Benchmarking classical and quantum-mechanical molecular simulations for predictions of phase equilibria

Department: Department of Physical Chemistry, Faculty of Chemical Engineering
Also available in programme: Molecular chemical physics and sensorics
Theses supervisor: Ing. Ctirad Červinka, Ph. D.

Benchmarking the ab initio methods for polymorph stability ranking for molecular crystals

Department: Department of Physical Chemistry, Faculty of Chemical Engineering
Also available in programme: Molecular chemical physics and sensorics
Theses supervisor: Ing. Ctirad Červinka, Ph. D.

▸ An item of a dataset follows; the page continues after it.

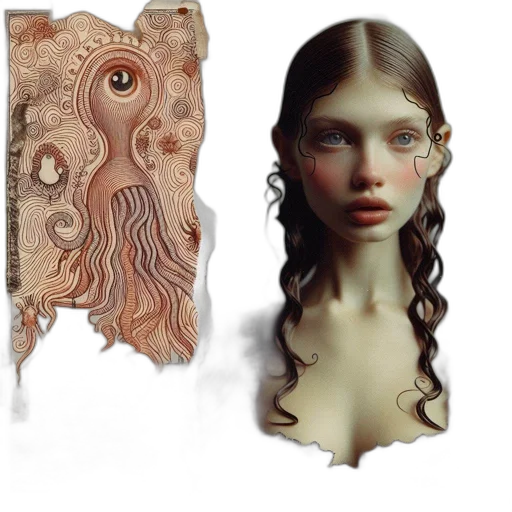 hair, dress, jewelry, creature transparent PNG cut-out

Biosensors methods for environmental monitoring and food safety

Department: Department of Physical Chemistry, Faculty of Chemical Engineering

Annotation

Nowadays, industrial activity produces vast amounts of harmful chemicals that can pollute the environment and contaminate food, posing a serious challenge to public health. The development of analytical methods for rapid and sensitive detection and quantification of harmful chemicals is an important and timely research topic. The dissertation will focus on the development of biosensors for rapid and sensitive detection of selected low molecular weight analytes, which present risk to water and food quality. Mainly, the work will focus on optical biosensors based on surface plasmon resonance (SPR) and potentially also on their combination with electrochemical methods for more complex sample analysis. In particular, the work will include the development of functional layers for affinity capture of selected analytes and the development of detection assays and methodologies enabling rapid and sensitive detection of analytes in complex matrices. The developed biosensing approaches will be evaluated in model experiments and the results will be compared with those obtained using conventional analytical methods.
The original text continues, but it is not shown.